Sawiris told Folha de S.Paulo that Spain’s Telefonica SA (TEF.MC) has pushed TIM Brasil’s parent company, Telecom Italia SpA (TLIT.MI), to break up the Brazilian unit and sell it to local players including Telefonica Brasil (VIVT4.SA).
“That is an idea defended by Telefonica on the board of Telecom Italia and I am vehemently against it, because it will devalue not just Telecom Italia shares, but also the assets of all the parts,” said Sawiris, a minority shareholder of the Italian company.
TIM Brasil, Telecom Italia, and Telefonica did not immediately respond to requests for comment.

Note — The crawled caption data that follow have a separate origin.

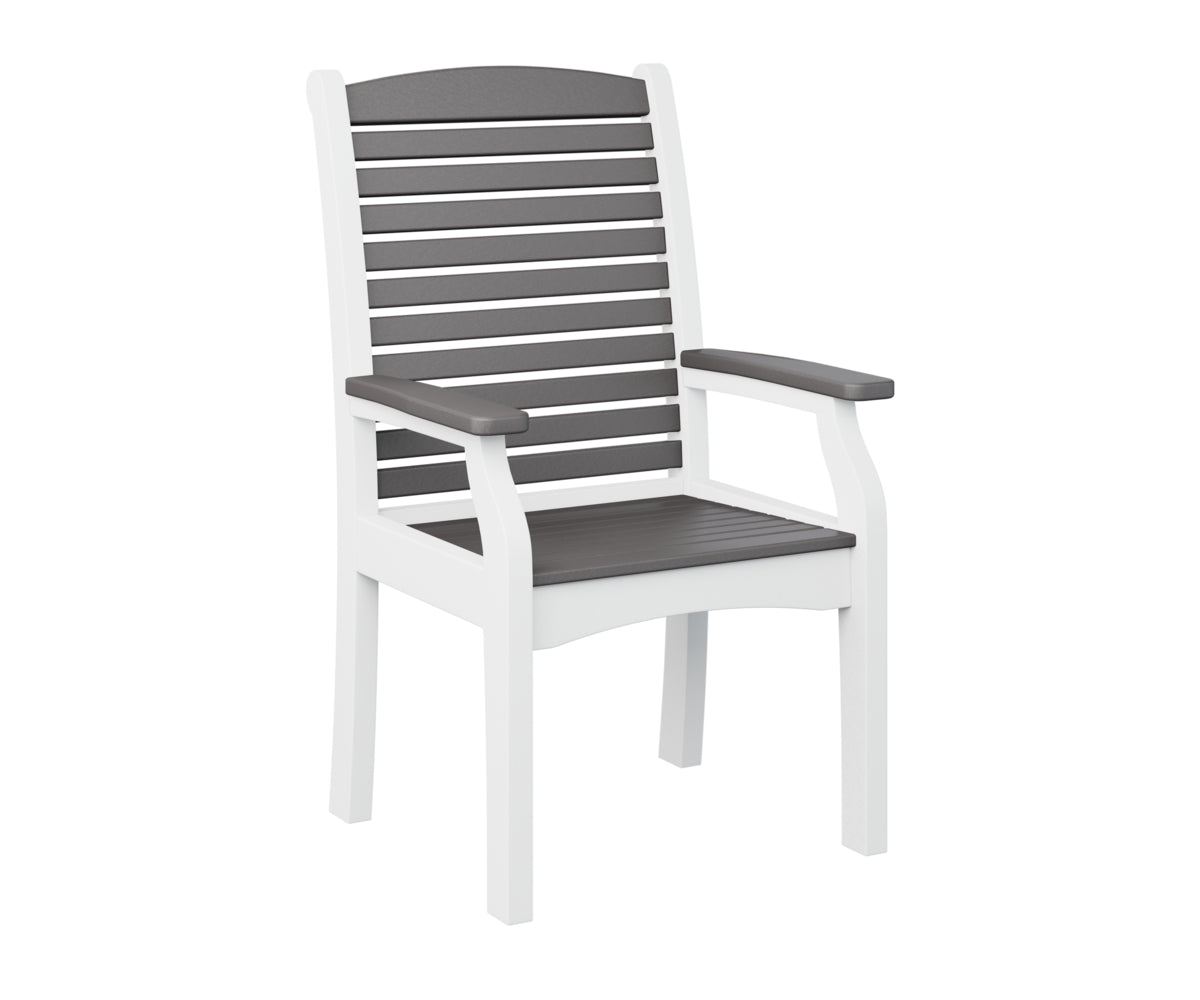 Berlin Gardens Classic Terrace Dining Chair - Weather-Resistant Outdoor Patio Furniture for Garden, Deck, and Poolside Use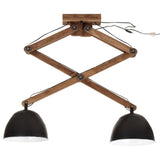 Plafondlamp 25 W E27 29x18x85 cm zwart - AllerleiShop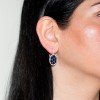 Ασημένια κρεμαστά σκουλαρίκια 925 με ζιργκόν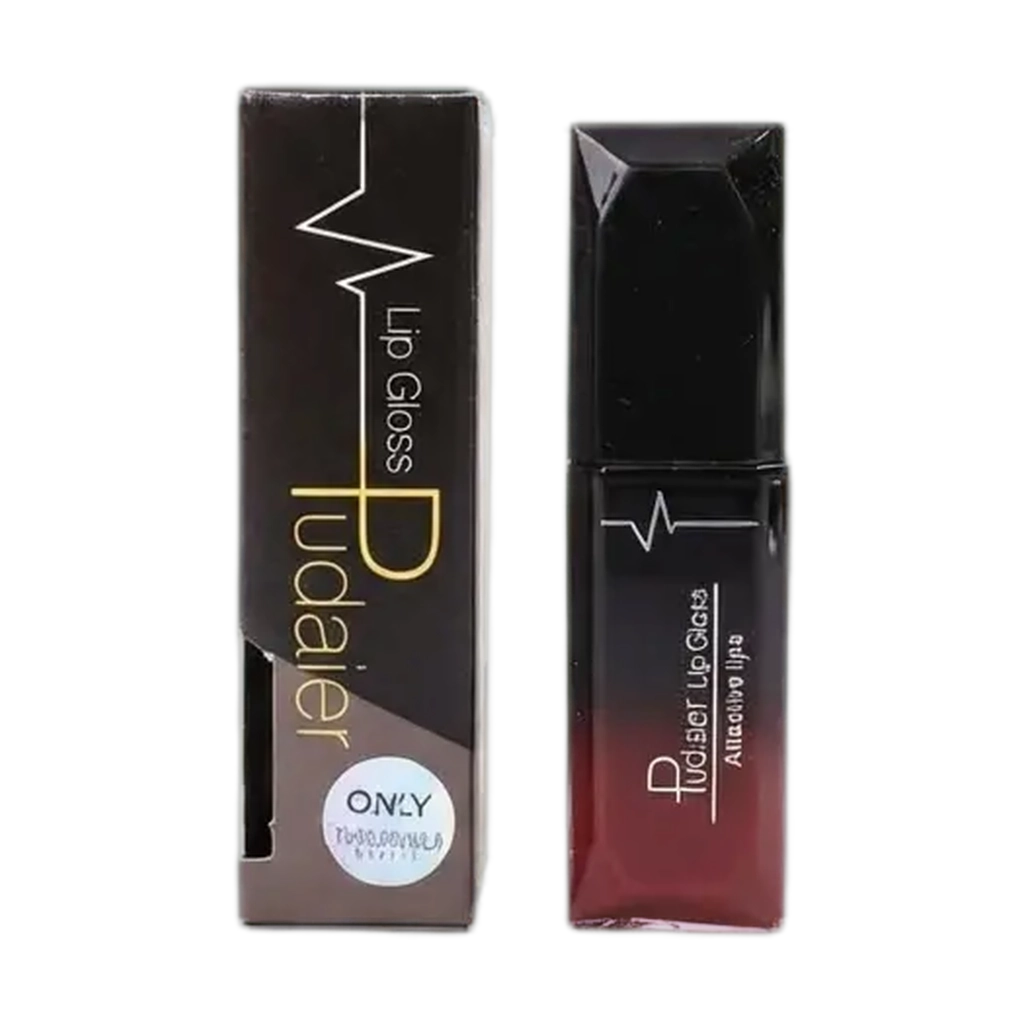 1001010509722.webp Lipgloss Pudaier A13 mit glänzendem Finish, 7,5 ml (Schwarz/Rot)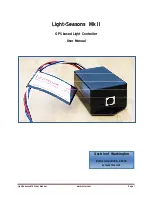 Xactrix LightSeasons Mk II User Manual preview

Sawiris, who runs Orascom Telecom Media and Technology (OTMT.CA), has tried to break into the Brazilian market before and was looking to take a larger share of Telecom Italia before Telefonica tightened its grip.
The Spanish company’s move in September to raise its stake in Telco, the holding company that controls Telecom Italia, was the first step toward taking the reins of its Italian peer. But its plans have run into resistance from Brazilian regulators.
Telefonica Brasil and TIM Participações together control more than half of Brazil’s wireless market.
Antitrust watchdog Cade said in December that Telefonica had to find a partner for its Brazil unit or sell its indirect TIM Brasil stake, giving 18 months to resolve the issue, according to three sources.
Telecom Italia said last week any offer for TIM Brasil would be evaluated by independent directors, adding no plans or talks were underway to sell TIM Brasil nor had it received any offer.
The first attempt by Sawiris to enter Brazil came in 2007, he told Folha, when he made an offer to take over Brasil Telecom, a company eventually acquired by Grupo Oi.
Sawiris discussed his new plans with the communications minister late last year during a visit to Brazil, he said.
“I told the minister it would be an awful idea for the Brazilian government to allow the breakup of TIM,” Sawiris told Folha. “I am one possible buyer of TIM, if it is sold.”